-------- Data extract --------

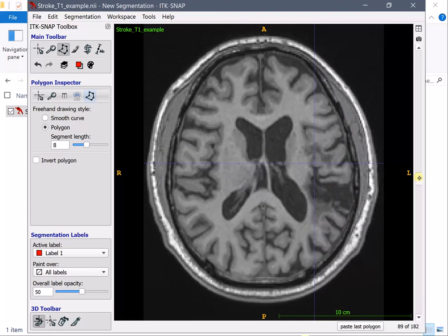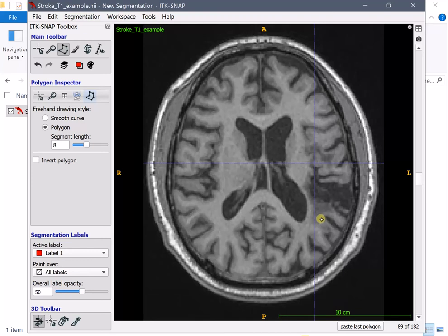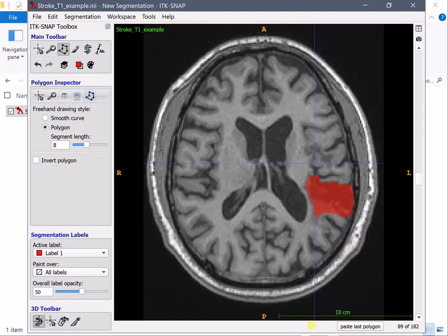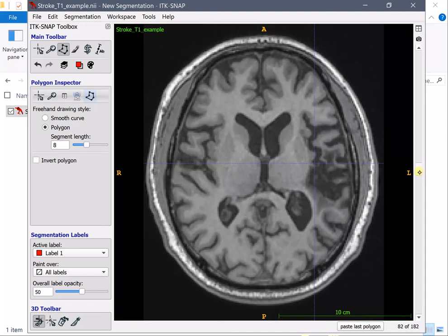So I'm going here at another slice further in there and I'm going to draw another area of the lesion. Very good. And here another one.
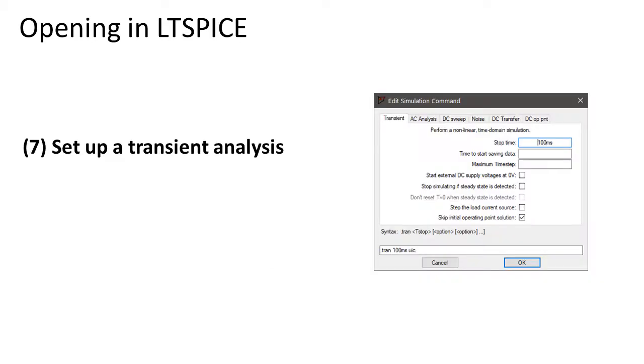Now set up a simple transient analysis of 100 milliseconds and turn on skip initial operating point solution. Otherwise, the simulation might never finish.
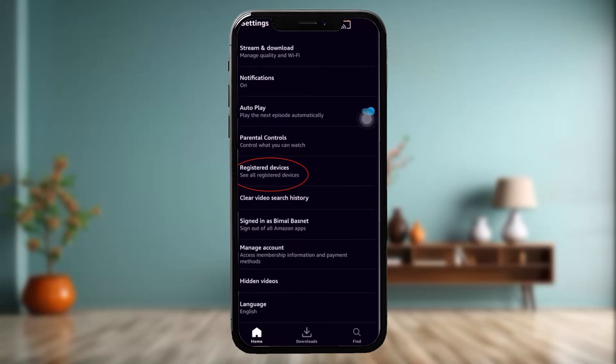Once you're inside your settings, you'll see an option that says 'Register Devices.' Simply tap on that, and inside here you'll see the devices connected with your Amazon account. All you need to do is tap on 'De-register,' then tap 'Are you sure,' then tap 'Yes,' and remove some of the devices.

--------

Problem to work on: Write out the full listing verbatim, excluding its pictures.

Result of the task:
So I'm going here at another slice further in there and I'm going to draw another area of the lesion. Very good. And here another one.
Now set up a simple transient analysis of 100 milliseconds and turn on skip initial operating point solution. Otherwise, the simulation might never finish.
Once you're inside your settings, you'll see an option that says 'Register Devices.' Simply tap on that, and inside here you'll see the devices connected with your Amazon account. All you need to do is tap on 'De-register,' then tap 'Are you sure,' then tap 'Yes,' and remove some of the devices.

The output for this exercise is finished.